In the data below, set down exactly the lines from the one containing "Where is damage, flooding" up to and including the one containing "1300749-7 Vakuumpump. Rothenberger". Leave the pictures out.
[[ Given records, beginning ]]
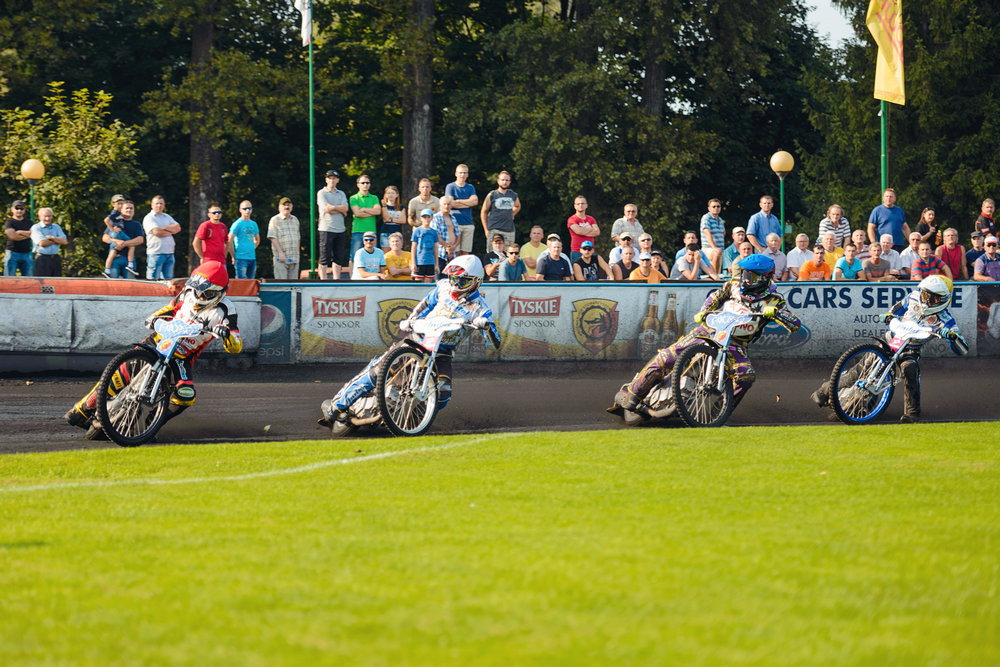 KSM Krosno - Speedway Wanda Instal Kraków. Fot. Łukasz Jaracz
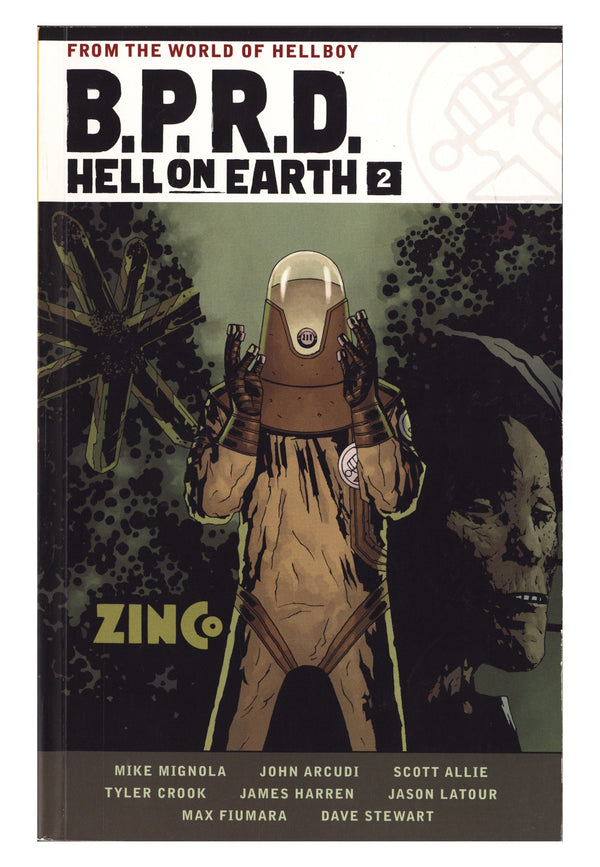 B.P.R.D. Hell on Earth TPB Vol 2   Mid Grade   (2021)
[[ Given records, end ]]
[[ Given records, beginning ]]
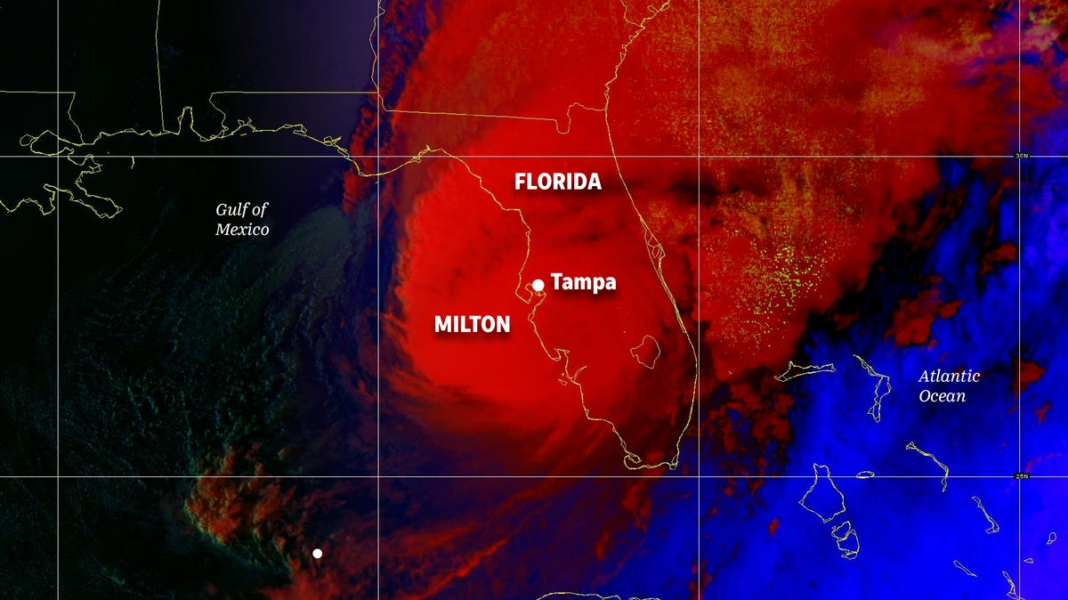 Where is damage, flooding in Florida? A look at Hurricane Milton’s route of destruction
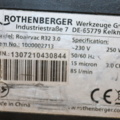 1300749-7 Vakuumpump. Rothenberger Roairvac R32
[[ Given records, end ]]
[[ Given records, beginning ]]
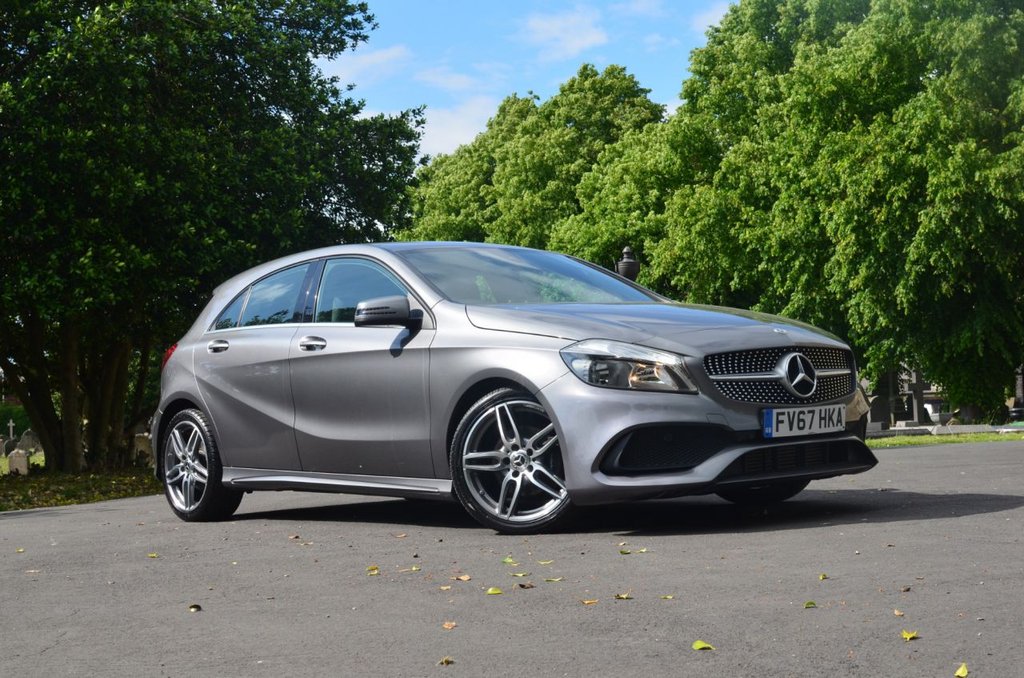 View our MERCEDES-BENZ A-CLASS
[[ Given records, end ]]
> [Response to this task]
 Where is damage, flooding in Florida? A look at Hurricane Milton’s route of destruction
 1300749-7 Vakuumpump. Rothenberger Roairvac R32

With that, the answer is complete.